Records:
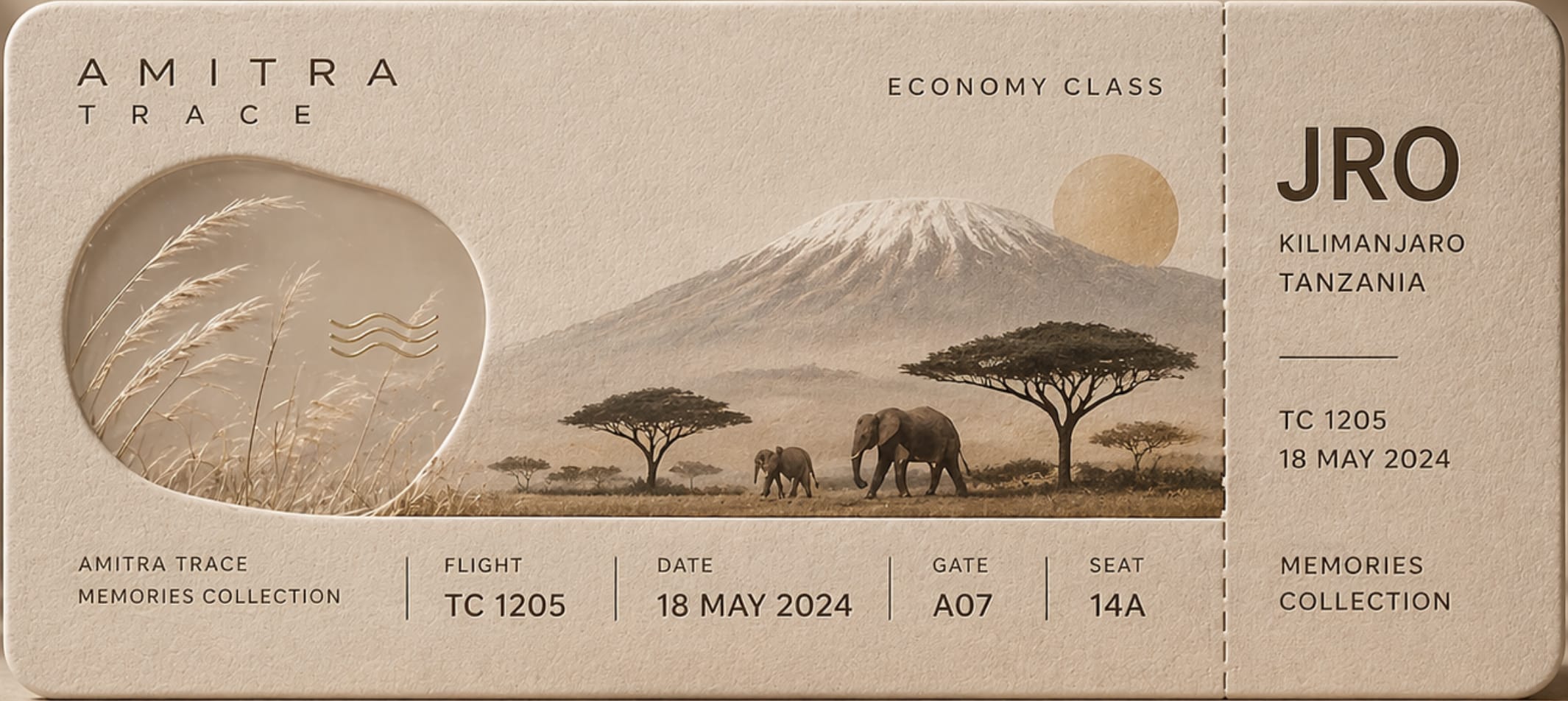 Amitra Kilimanjaro card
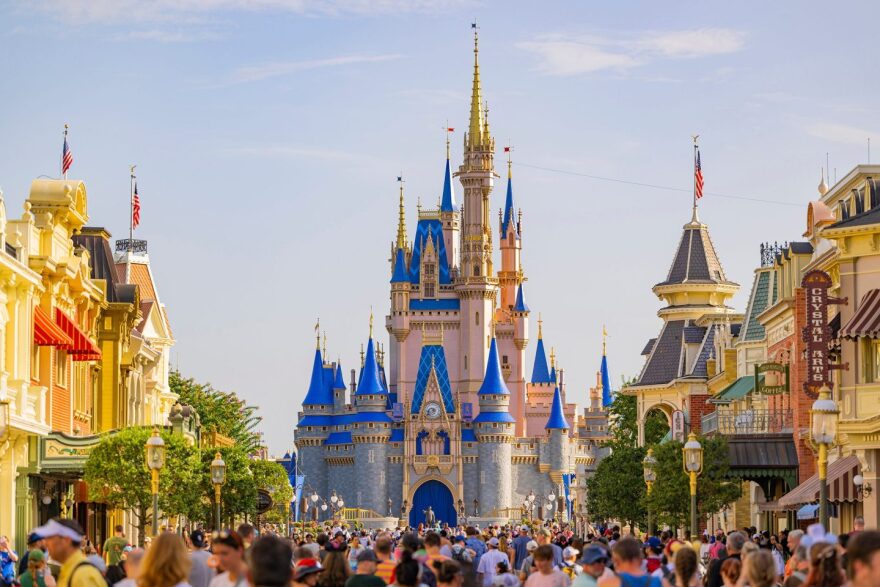 Photo of the Magic Kingdom in Orlando, Florida.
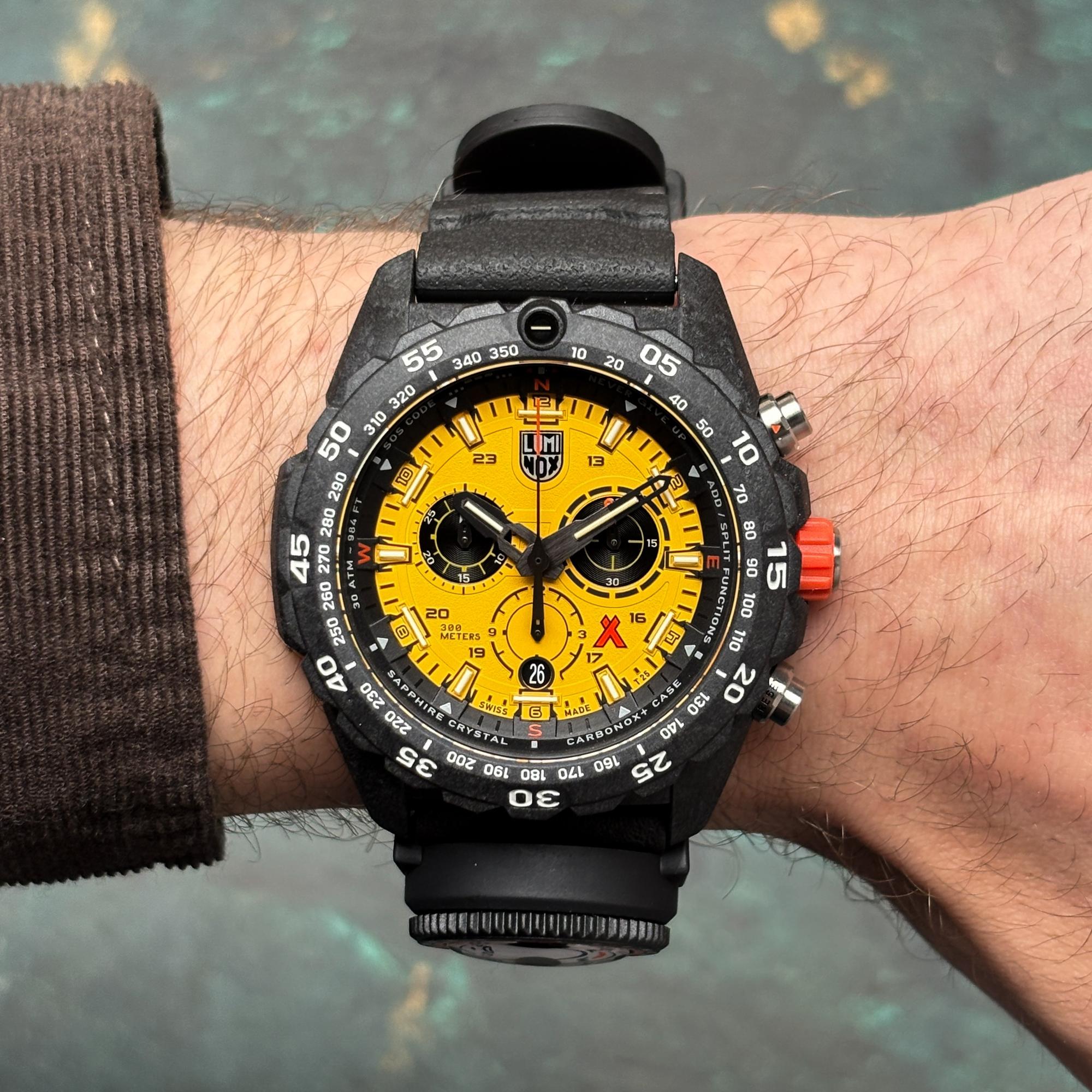 Zegarek Luminox Bear Grylls Survival 3740 Chrono Master Series czarny XB.3745 - miniatura 17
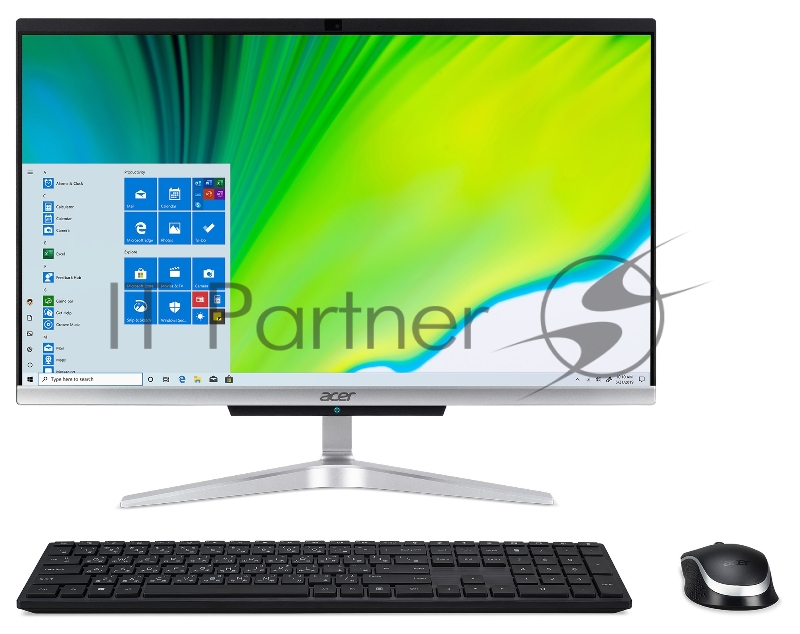 Моноблок Acer Aspire C22-420 21.5 Full HD Ryzen 3 3250U (2.6) 8Gb SSD256Gb RGr CR Windows 10 WiFi BT 65W клавиатура мышь Cam серебристый 1920x1080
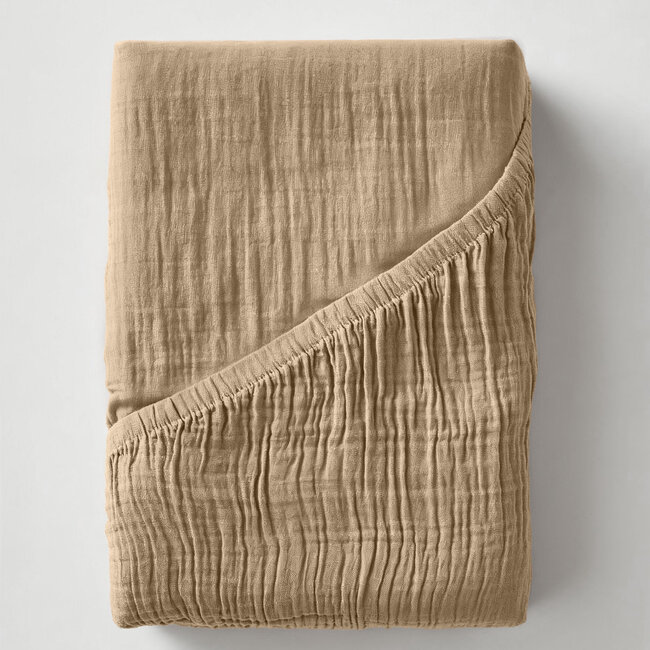Dreamhouse Muslin nude 160 × 200 + 30 - Fitted Sheet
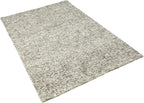 Hand Tufted Wool ECO-Friendly Area Rugs - 4'x6', Rectangle Shape, Dark Brown & Beige, Solid Plain Design, High Pile Handmade Area Rugs for Living Room, Bed Room (KWC111)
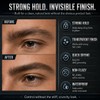 Clear Eyebrow Gel for Men with Dual-Ended Brush, Strong Hold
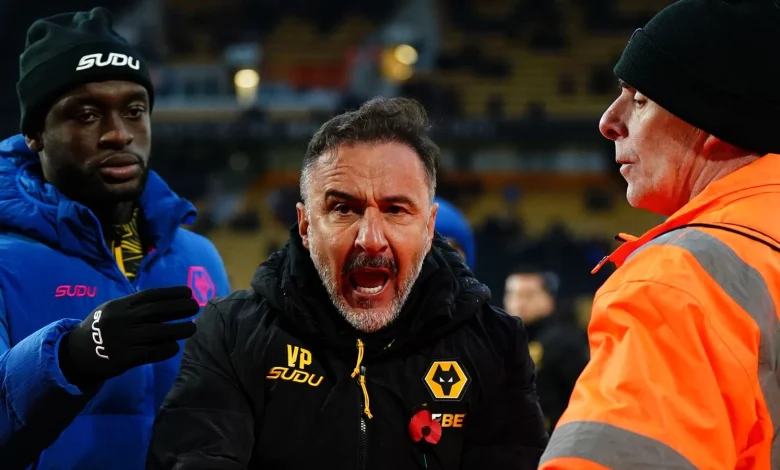 Vitor Pereira sacked as Wolves manager just weeks after signing new contract, as club remains winless and bottom of the Premier League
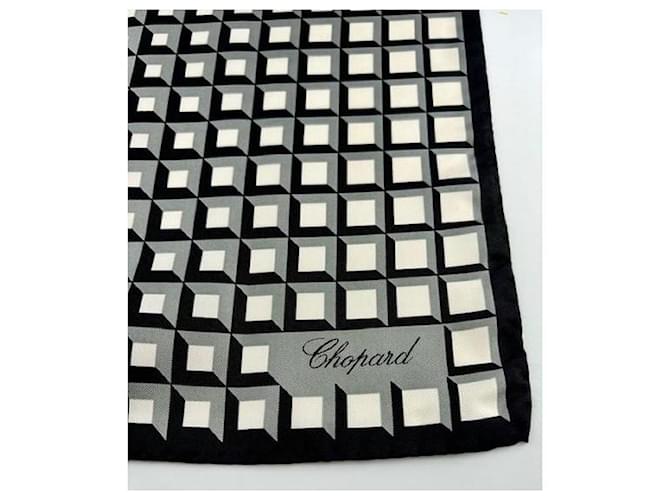 Luxuriöses Seidenschal im Quadrat CHOPARD Mehrfarben - Ansicht 4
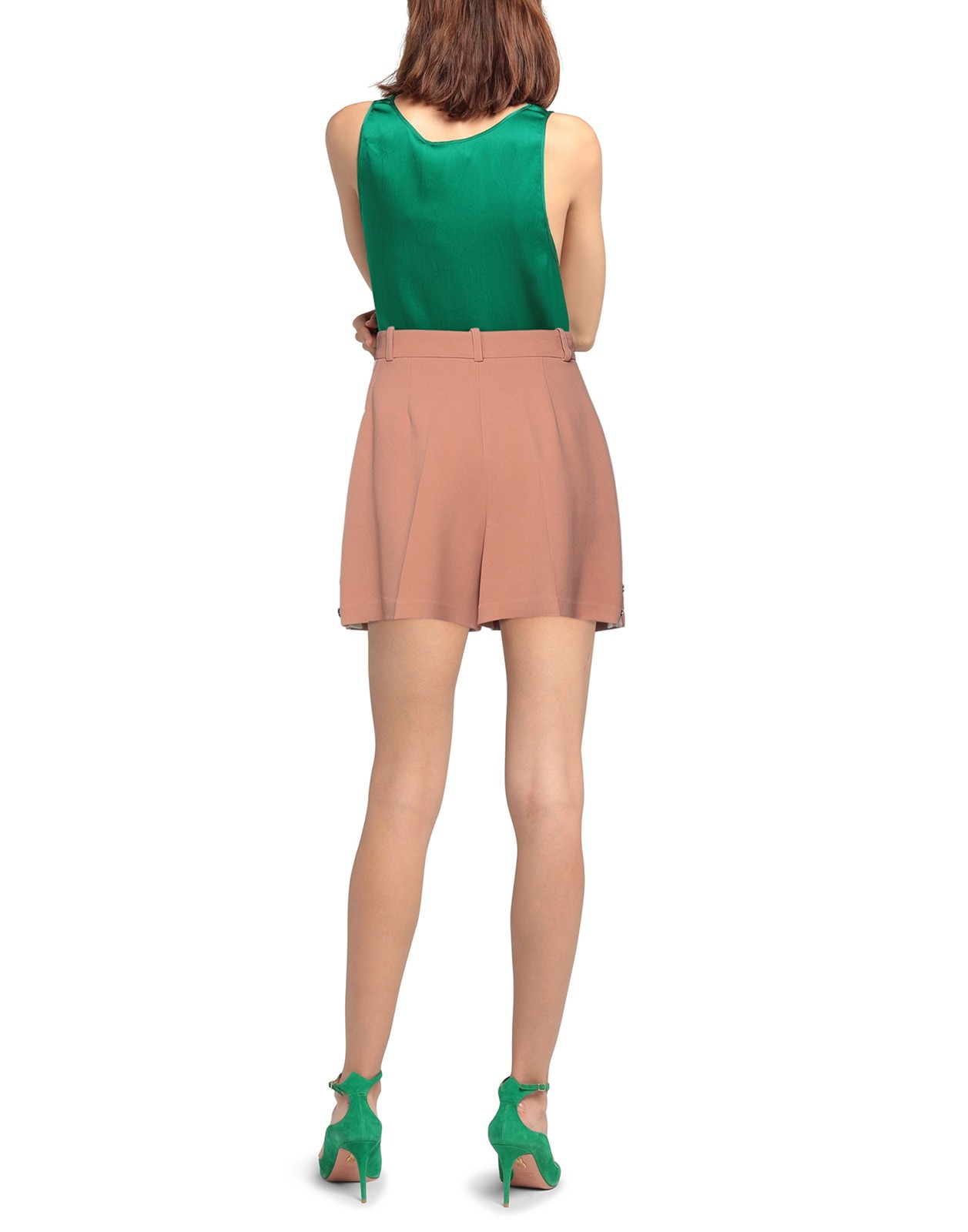 New ELISABETTA FRANCHI Pleated Tailored Shorts Size XS image 3
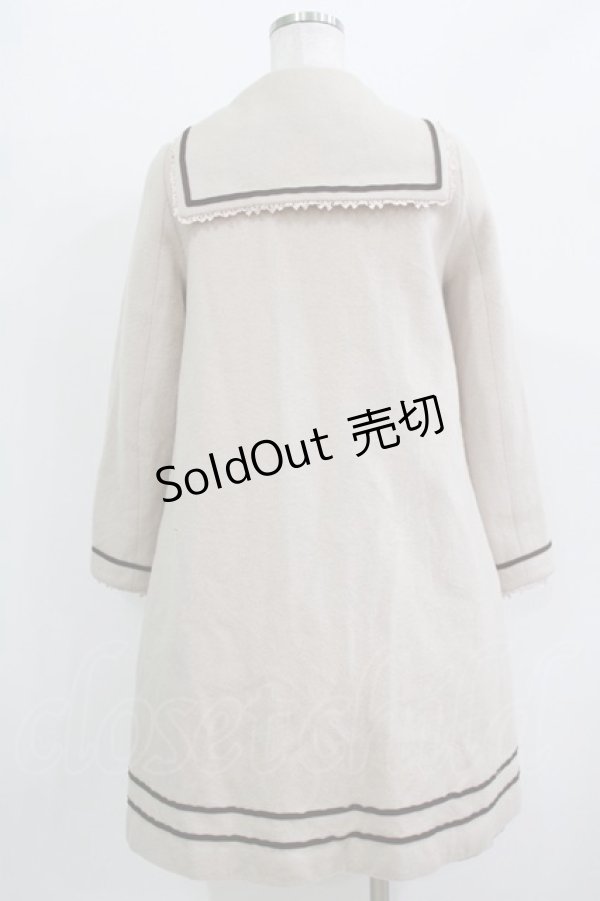 画像3: Innocent World / セーラーカラーコート S 生成り H-26-03-13-1021-IW-CO-NS-ZH (3)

Work item: Where the material contains pictures, leave them out and copy the rest verbatim.

Answer to this exercise:
 Amitra Kilimanjaro card
 Photo of the Magic Kingdom in Orlando, Florida.
 Zegarek Luminox Bear Grylls Survival 3740 Chrono Master Series czarny XB.3745 - miniatura 17
 Моноблок Acer Aspire C22-420 21.5 Full HD Ryzen 3 3250U (2.6) 8Gb SSD256Gb RGr CR Windows 10 WiFi BT 65W клавиатура мышь Cam серебристый 1920x1080
Dreamhouse Muslin nude 160 × 200 + 30 - Fitted Sheet
 Hand Tufted Wool ECO-Friendly Area Rugs - 4'x6', Rectangle Shape, Dark Brown & Beige, Solid Plain Design, High Pile Handmade Area Rugs for Living Room, Bed Room (KWC111)
 Clear Eyebrow Gel for Men with Dual-Ended Brush, Strong Hold
 Vitor Pereira sacked as Wolves manager just weeks after signing new contract, as club remains winless and bottom of the Premier League
 Luxuriöses Seidenschal im Quadrat CHOPARD Mehrfarben - Ansicht 4
 New ELISABETTA FRANCHI Pleated Tailored Shorts Size XS image 3
 画像3: Innocent World / セーラーカラーコート S 生成り H-26-03-13-1021-IW-CO-NS-ZH (3)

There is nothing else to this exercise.